(What this task involves):
Repeat the listing below exactly. Pictures do not belong in the copy.

(Records to process):
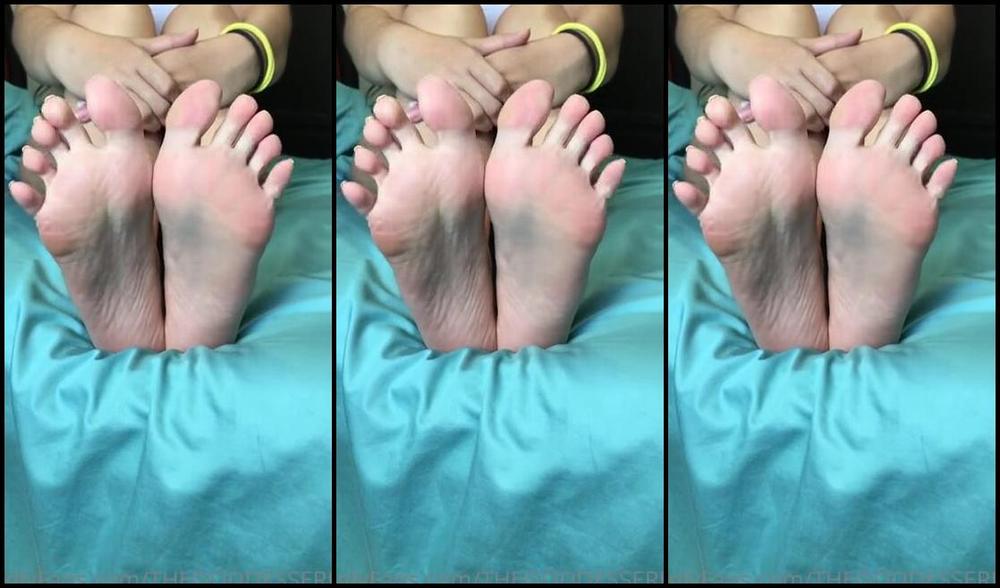 Erin Aka Thegoddesserin Onlyfans Hope You Have A Nice Monday And A Great Week Enjoy This Little Brother Joi But Do It Quick Before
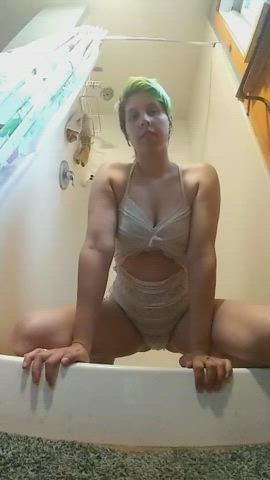 Lingerie Muscular Girl Shower clip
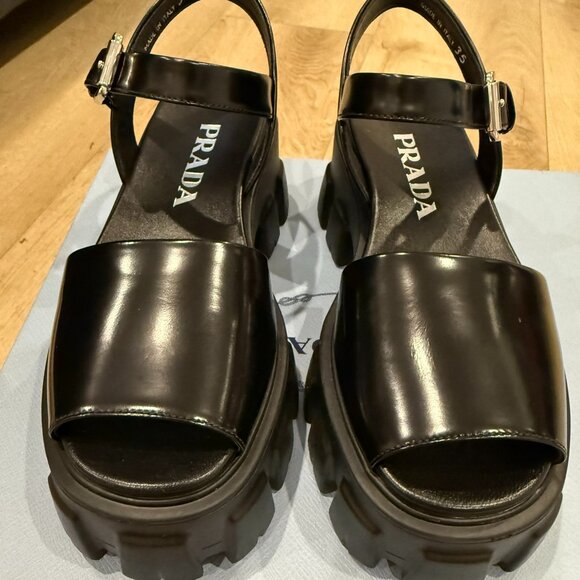 Prada Calzature Donna in Nero - Picture 4 of 6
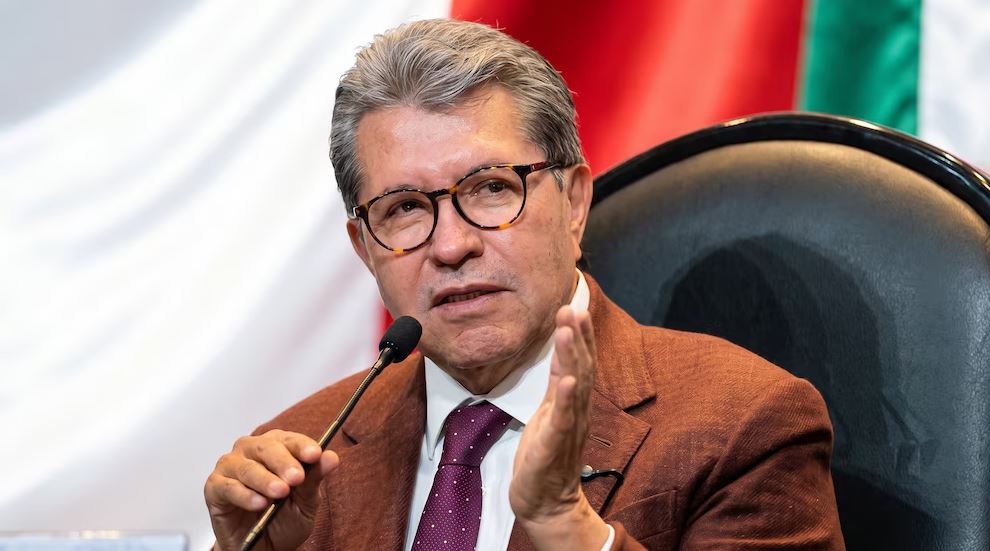 Ricardo Monreal propone ley contra el “goteo de precios” que encarece hasta 89% las compras en línea en México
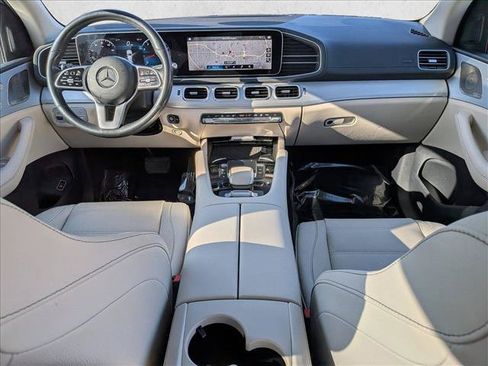 Used 2021 Mercedes-Benz GLS 450 4MATIC image 21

(Task answer):
 Erin Aka Thegoddesserin Onlyfans Hope You Have A Nice Monday And A Great Week Enjoy This Little Brother Joi But Do It Quick Before
 Lingerie Muscular Girl Shower clip
 Prada Calzature Donna in Nero - Picture 4 of 6
 Ricardo Monreal propone ley contra el “goteo de precios” que encarece hasta 89% las compras en línea en México
 Used 2021 Mercedes-Benz GLS 450 4MATIC image 21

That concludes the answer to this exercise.